──────── EXTRACTED INFORMATION ────────

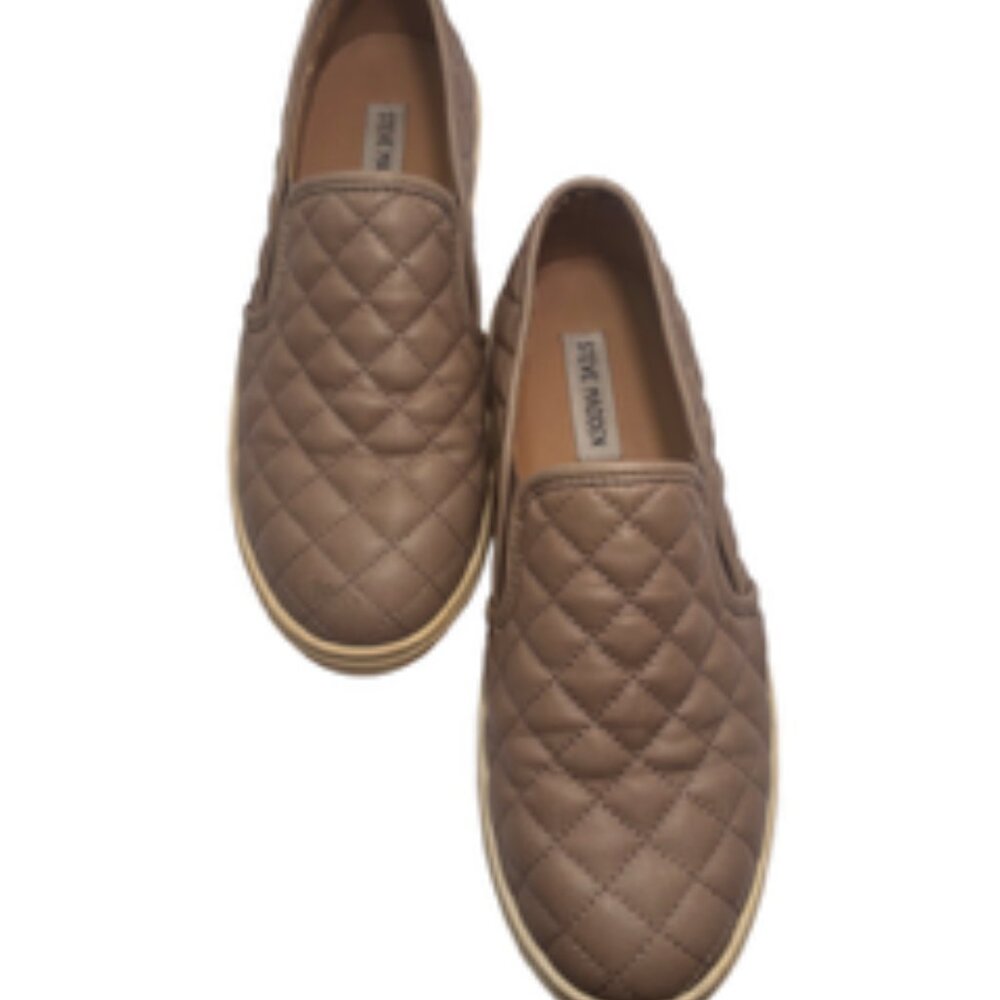 Steven Madden Loafers, Grey, Size: 10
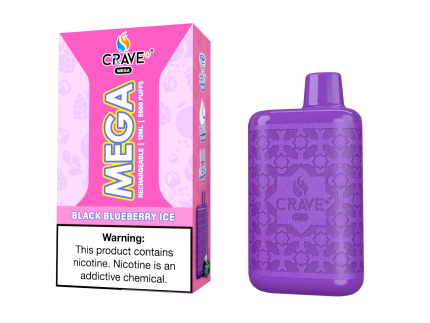 CRAVE Mega - Black Blueberry Ice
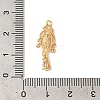 Brass Micro Pave Clear Cubic Zirconia Pendants KK-M294-25G-3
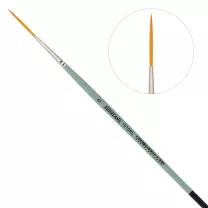 Pędzel Renesans 1010RL Złoty Syntetyk Rigger 0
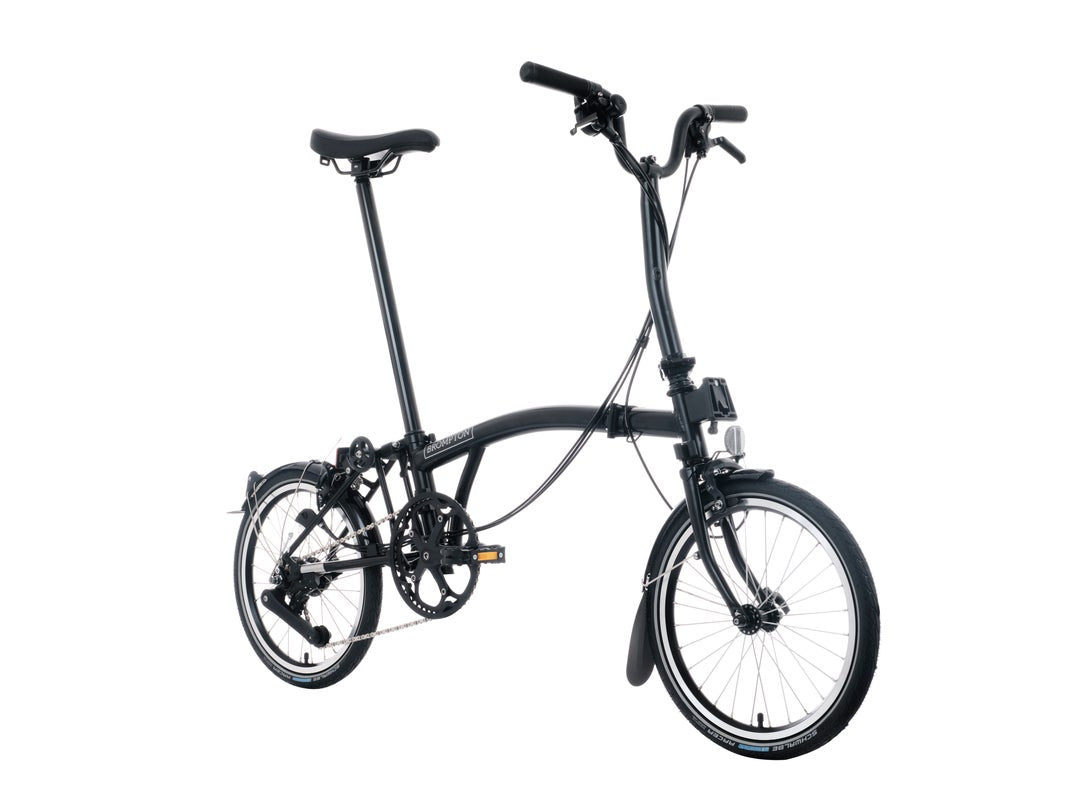 Brompton C Line 12 Speed Mid Rise Bar 2025 Folding Bike Black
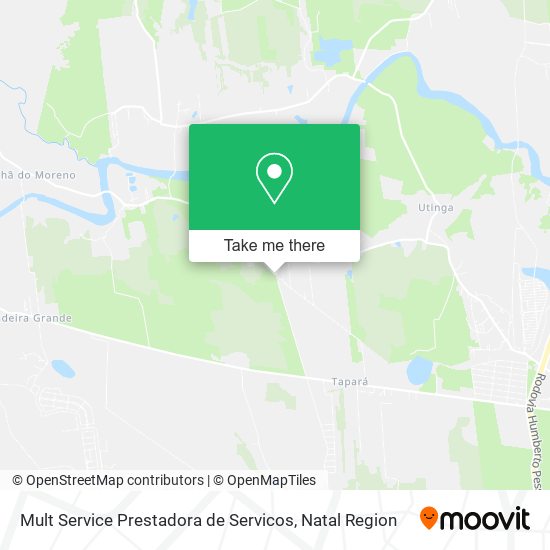 Mult Service Prestadora de Servicos map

────────

### TO DO
Write out the whole listing again, exactly, with no pictures.

### ANSWER TO THIS EXERCISE
 Steven Madden Loafers, Grey, Size: 10
 CRAVE Mega - Black Blueberry Ice
 Brass Micro Pave Clear Cubic Zirconia Pendants KK-M294-25G-3
 Pędzel Renesans 1010RL Złoty Syntetyk Rigger 0
 Brompton C Line 12 Speed Mid Rise Bar 2025 Folding Bike Black
 Mult Service Prestadora de Servicos map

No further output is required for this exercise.